> _Problem details_: The material below holds pictures; leave them out and reproduce exactly the lines from the one with "Anthropologie Dolan Size" through the one with "Імітація ящика з", inclusive.

> _Given data_:
____________________

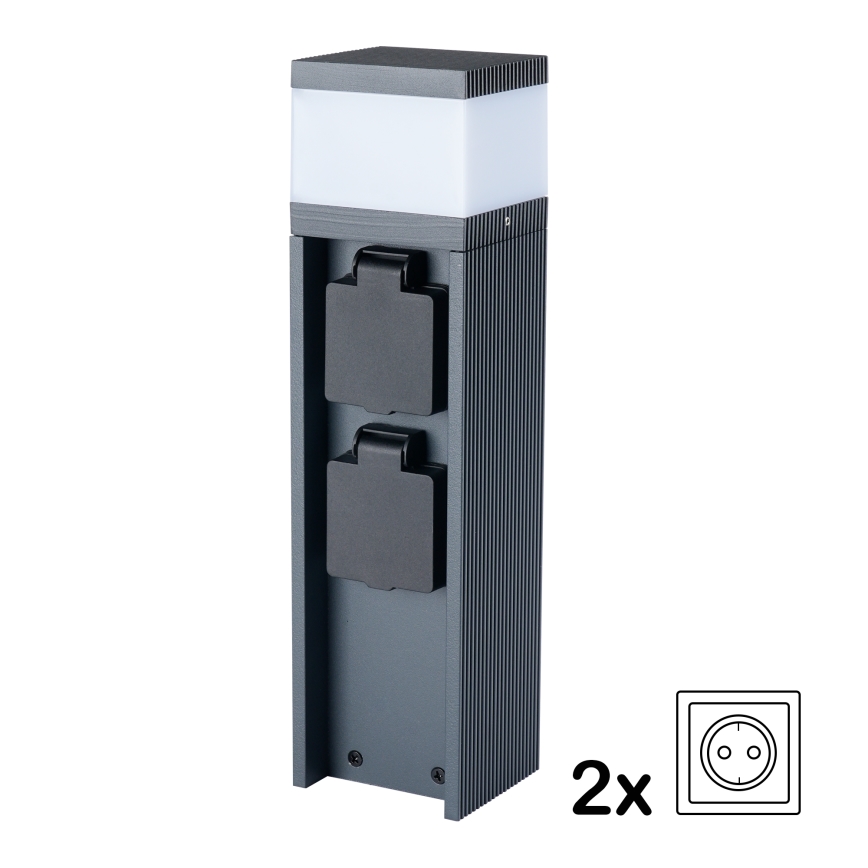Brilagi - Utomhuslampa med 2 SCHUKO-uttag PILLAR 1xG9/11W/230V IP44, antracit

____________________

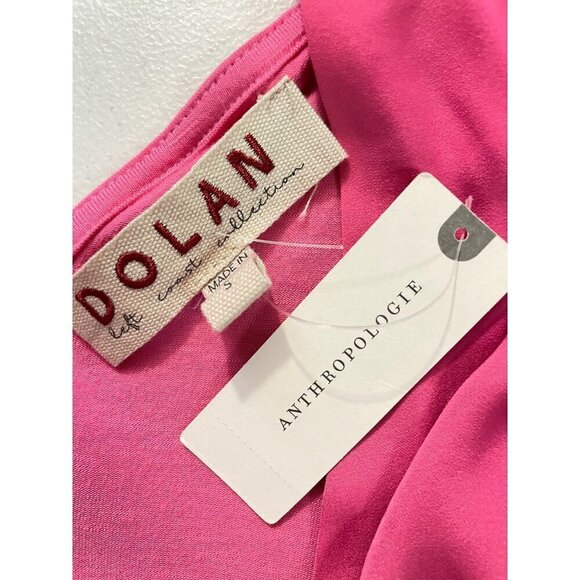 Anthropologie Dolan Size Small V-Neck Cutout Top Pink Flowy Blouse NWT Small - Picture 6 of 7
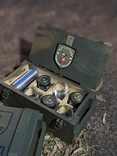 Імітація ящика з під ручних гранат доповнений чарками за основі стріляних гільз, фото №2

____________________

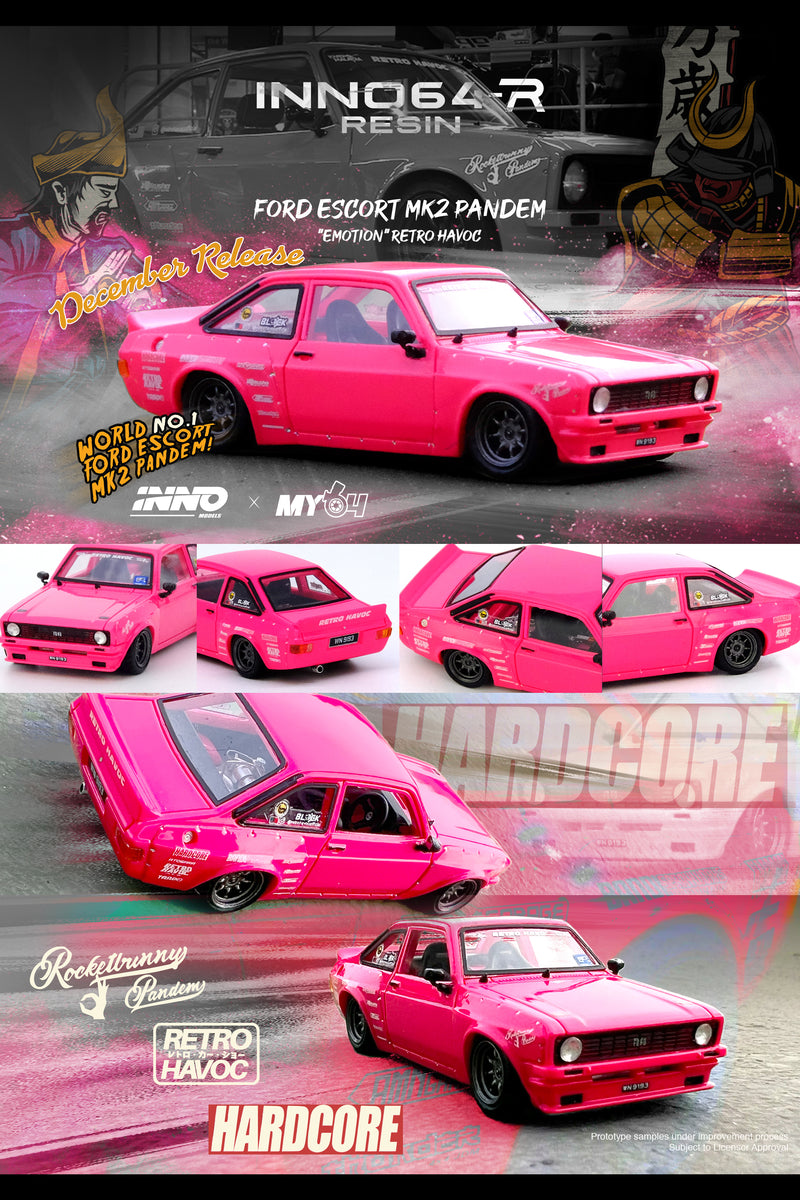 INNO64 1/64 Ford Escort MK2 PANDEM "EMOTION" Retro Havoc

____________________

> _Output of the task_:
 Anthropologie Dolan Size Small V-Neck Cutout Top Pink Flowy Blouse NWT Small - Picture 6 of 7
 Імітація ящика з під ручних гранат доповнений чарками за основі стріляних гільз, фото №2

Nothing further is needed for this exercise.